Serenamente, con cara plácida, cuartillas y lápiz o pluma en mano, asiste el redactor a un espectáculo que a los demás interesa profundamente. Ha de tomar sus notas, y las toma. ¿Y qué es lo que anota? Al llegar a la Redacción y poner en la mesa las cuartillas donde ha depositado sus anotaciones, no sabe lo que ha escrito. Lo escrito es, en efectividad, una cosa, y lo que él lee es otra. Y de pronto, se levanta para ir decididamente al despacho del director: ha llegado ya el momento en que él descubra al director su secreto conflicto.
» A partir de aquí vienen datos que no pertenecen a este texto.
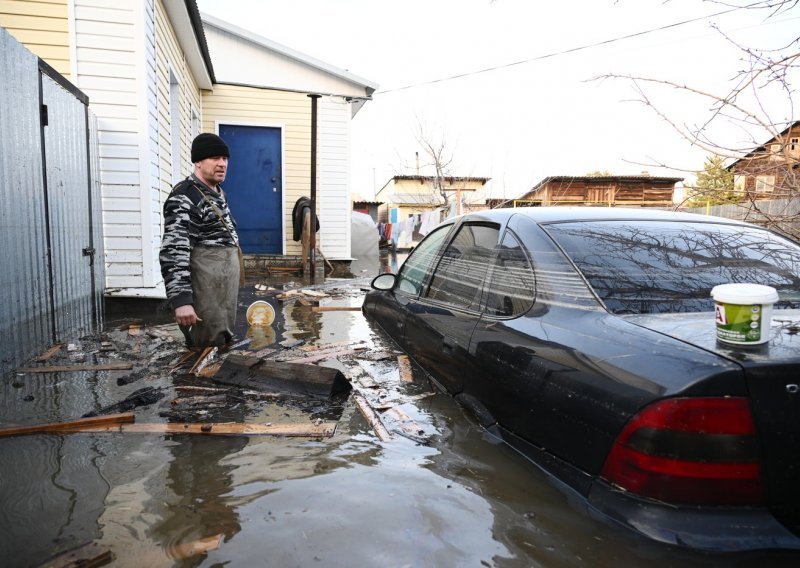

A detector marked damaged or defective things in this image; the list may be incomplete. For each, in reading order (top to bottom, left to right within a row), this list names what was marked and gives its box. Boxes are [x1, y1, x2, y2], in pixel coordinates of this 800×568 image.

broken board [212, 356, 350, 400] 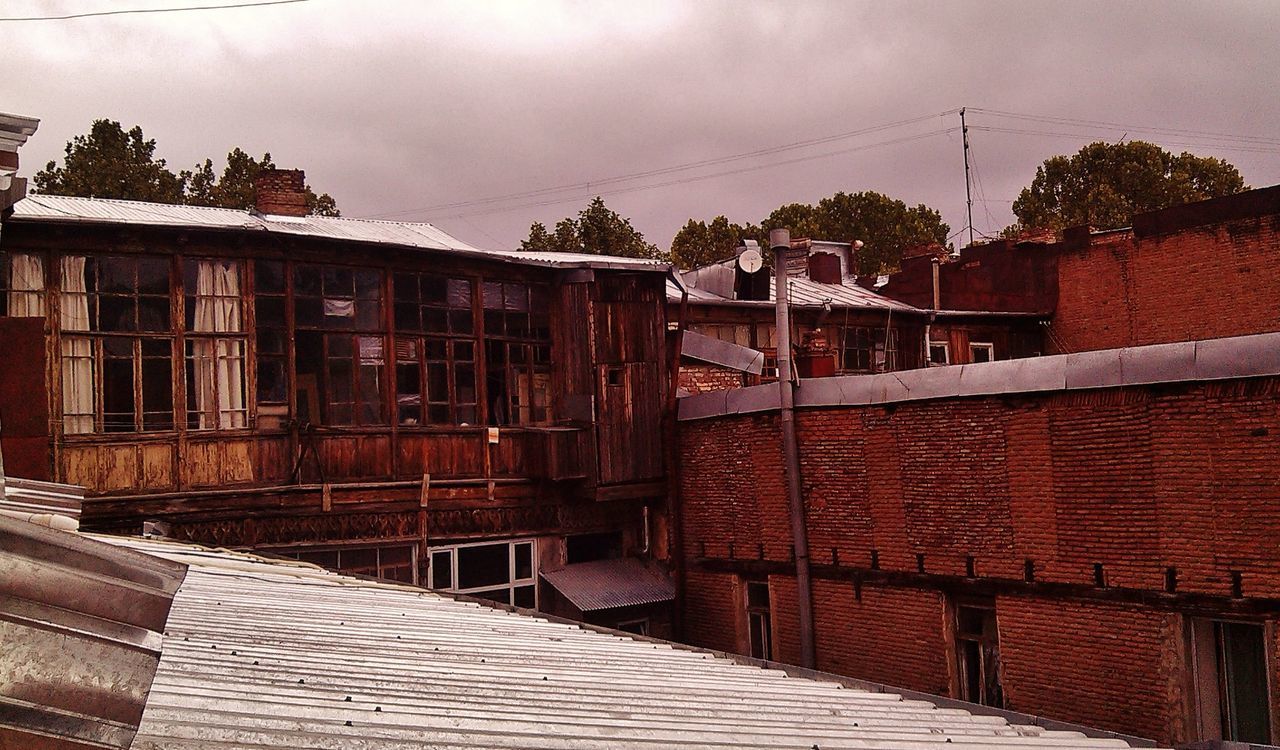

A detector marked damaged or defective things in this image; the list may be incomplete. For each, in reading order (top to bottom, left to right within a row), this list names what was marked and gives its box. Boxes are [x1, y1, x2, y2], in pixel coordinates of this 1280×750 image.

rusted roof panel [10, 195, 670, 271]
rusted roof panel [542, 558, 680, 609]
Pero torna a sentarse. No está seguro de si sueña o no sueña. Y en la duda, comienza a escribir.
(Pues el tal reportero no sabe a qué delicias se hurta: las delicias de la ensoñación franca y sin tapujos. Tal dice el autor. Ante el fracaso de los hechos, lo más concreto y respetable del mundo, lo irrefragable, el autor aplaude. Aplaude y se queda luego absorto. Sí, absorto, meditabundo. Porque si fracasaran los hechos, ¿qué iba a ser, en último resultado, de nosotros? ¿Y es que sin los hechos podríamos proporcionarnos el placer de desdeñar los hechos? ¿Y de levantarnos sobre la realidad, metafísicamente, sin la realidad?)